No :latest. Manifests in OpenShift / Docker runtime never reference mutable tags. The hosted repo’s Allow redeploy = false setting backs this up at the Nexus layer.

Jenkins computes the tag once at the start of the pipeline and writes it to the build’s archived evidence, so a downstream system knows which immutable tag was the build’s output even if multiple builds raced.

Push flow

# Minimum env (set per build job)
IMAGE_REGISTRY=app-registry.apps.sub.comptech-lab.com
IMAGE_REPOSITORY=smoke/readiness-probe
IMAGE_TAG=build-$(date -u +%Y%m%d-%H%M%S)
IMAGE_REF="$IMAGE_REGISTRY/$IMAGE_REPOSITORY:$IMAGE_TAG"

# Login (credentials from Jenkins credential store nexus-jenkinsbot, fed via env)
printf '%s' "$NEXUS_PASSWORD" | podman login "$IMAGE_REGISTRY" \
  --username "$NEXUS_USER" \
  --password-stdin
unset NEXUS_PASSWORD

# Build (out of scope for this page; typically `podman build` with --pull on docker-group.*)
podman build -t "$IMAGE_REF" .

# Scan (Trivy via client/server mode; see Trivy integration page)
trivy image \
  --server "https://trivy.apps.sub.comptech-lab.com" \
  --token "$TRIVY_SERVER_TOKEN" \
  --severity HIGH,CRITICAL \
  --exit-code 1 \
  "$IMAGE_REF"

# Push
podman push "$IMAGE_REF"

# Record digest into delivery evidence
IMAGE_DIGEST="$(podman inspect --format '{{ index .Digest }}' "$IMAGE_REF")"
echo "$IMAGE_DIGEST" > evidence/image-digest

The shape of the actual Jenkinsfile is in examples/jenkins/Jenkinsfile.nexus-app in the opp-full-plat workspace.

Pull flow

From `docker-runtime-vm`

The docker-runtime-deploy wrapper on the runtime VM (run as the docker-deploy user via narrow sudo) takes an app name and a desired image reference, pulls the immutable tag from app-registry, runs the equivalent of docker compose up -d, captures a release snapshot for rollback, and updates the health file.

sudo /usr/local/sbin/docker-runtime-deploy deploy readiness-probe

The deploy script inside /usr/local/sbin/docker-runtime-deploy does a docker login to app-registry.apps.sub.comptech-lab.com using credentials from /opt/docker-runtime/env/<app>.env (env-file bridge custody) and pulls the image referenced in /opt/docker-runtime/apps/<app>/docker-compose.yml.

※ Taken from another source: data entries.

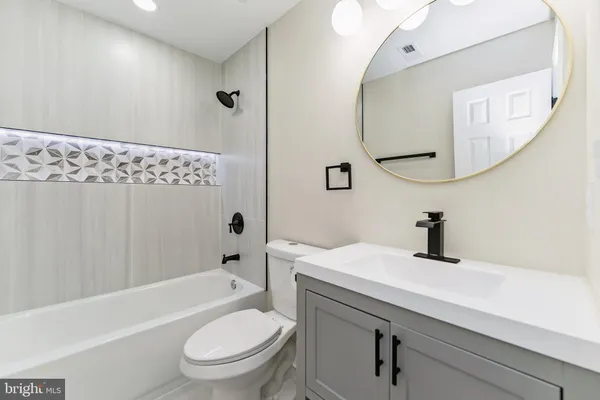 $259,999 | 2425 Lauretta Avenue, Baltimore, MD 21223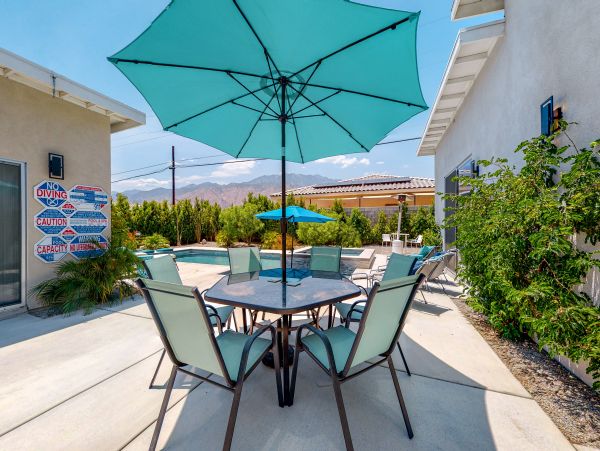 Palm Springs Home 1028430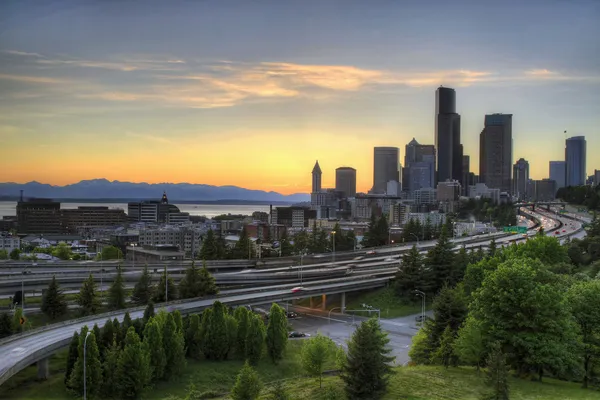 O horizonte de Seattle ao pôr do sol — Fotografia de Stock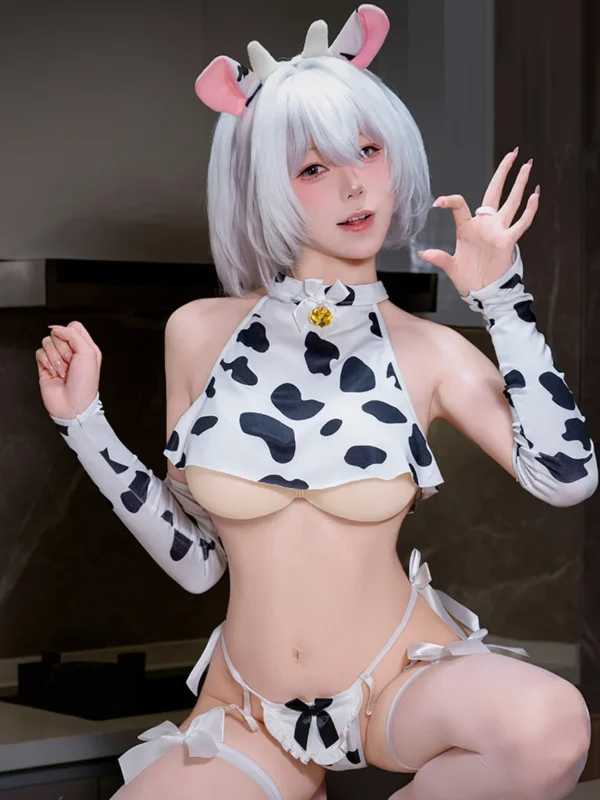 cow-costumes-5-pieces-lingerie-set-3 Sexy cow print micro bikini costume with matching bottoms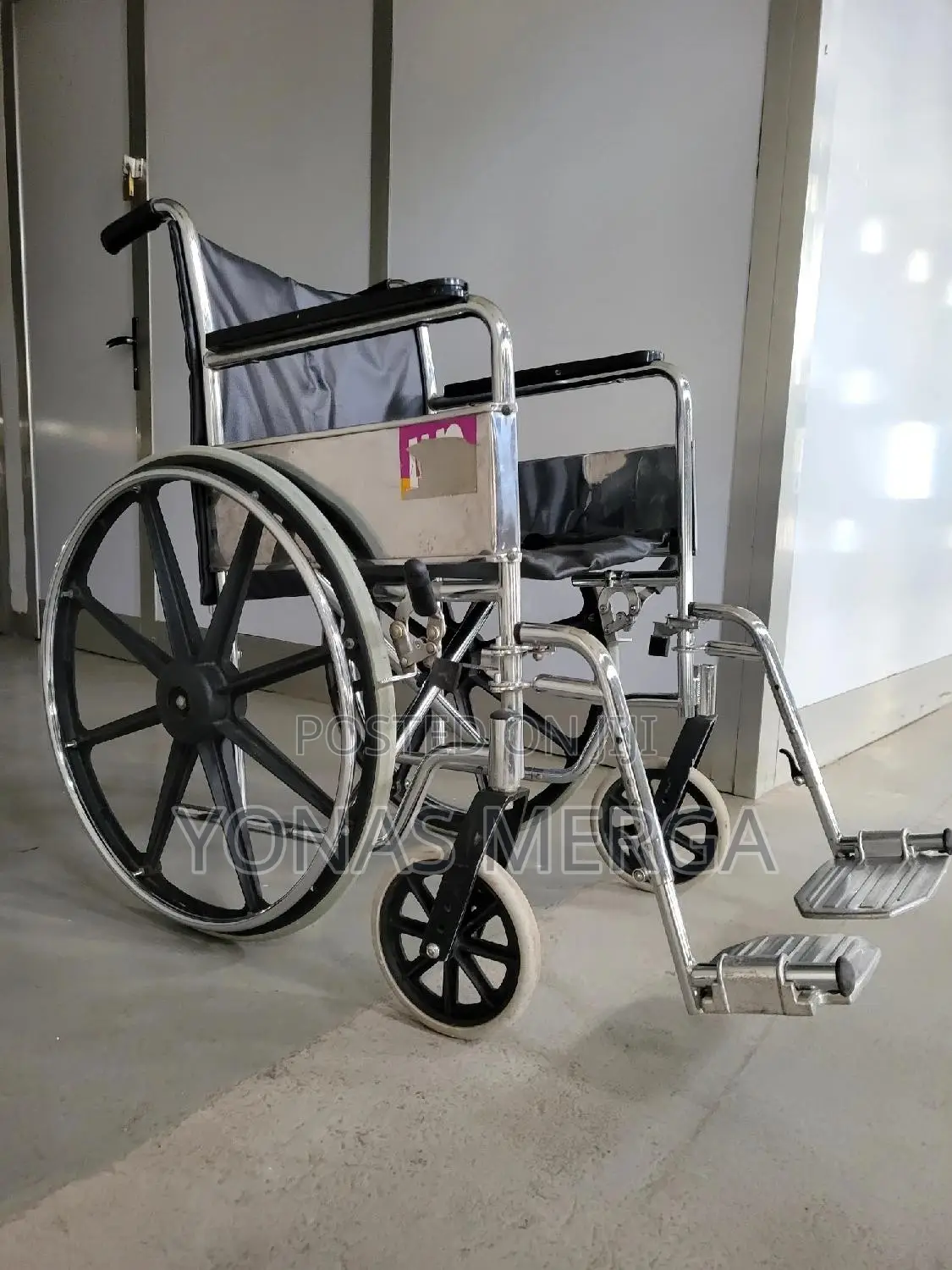 Wheelchair for Adults用皿capacity of 150kg Designed for Larger Passenger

The app’s Compose file pins the image to an immutable tag.

From OpenShift

When the OpenShift app path is reopened, workloads will pull by digest from app-registry. The runtime allowlist in ADR 0019 includes this prefix. The pull secret distributed to namespaces will carry credentials for app-registry only (read-only Nexus identity, scoped to docker-dev-hosted).

Validation

# DNS
dig @<lab-dns> app-registry.apps.sub.comptech-lab.com A +short

# /v2/ probe
curl -sSI https://app-registry.apps.sub.comptech-lab.com/v2/ | head -1

# Catalog (authenticated)
curl --netrc-file ~/.netrc-nexus -fsS \
  https://app-registry.apps.sub.comptech-lab.com/v2/_catalog | jq -r '.repositories[]'

# Tag list for a known repo
curl --netrc-file ~/.netrc-nexus -fsS \
  https://app-registry.apps.sub.comptech-lab.com/v2/smoke/readiness-probe/tags/list \
  | jq -r '.tags[]?'

# Manifest by digest
curl --netrc-file ~/.netrc-nexus -fsS \
  -H 'Accept: application/vnd.oci.image.manifest.v1+json' \
  https://app-registry.apps.sub.comptech-lab.com/v2/smoke/readiness-probe/manifests/build-8 \
  | jq .

Cleanup and retention

The cleanup policy docker-dev-hosted-retain-30d deletes tags that haven’t been pulled in 30 days. Combined with Allow redeploy = false, the practical consequence is:

A successful build tag exists in Nexus indefinitely as long as it is being pulled regularly (runtime VM pulling daily or weekly).
A tag that nothing pulls for 30 days ages out.
A tag can never be overwritten by a redeploy of the same name.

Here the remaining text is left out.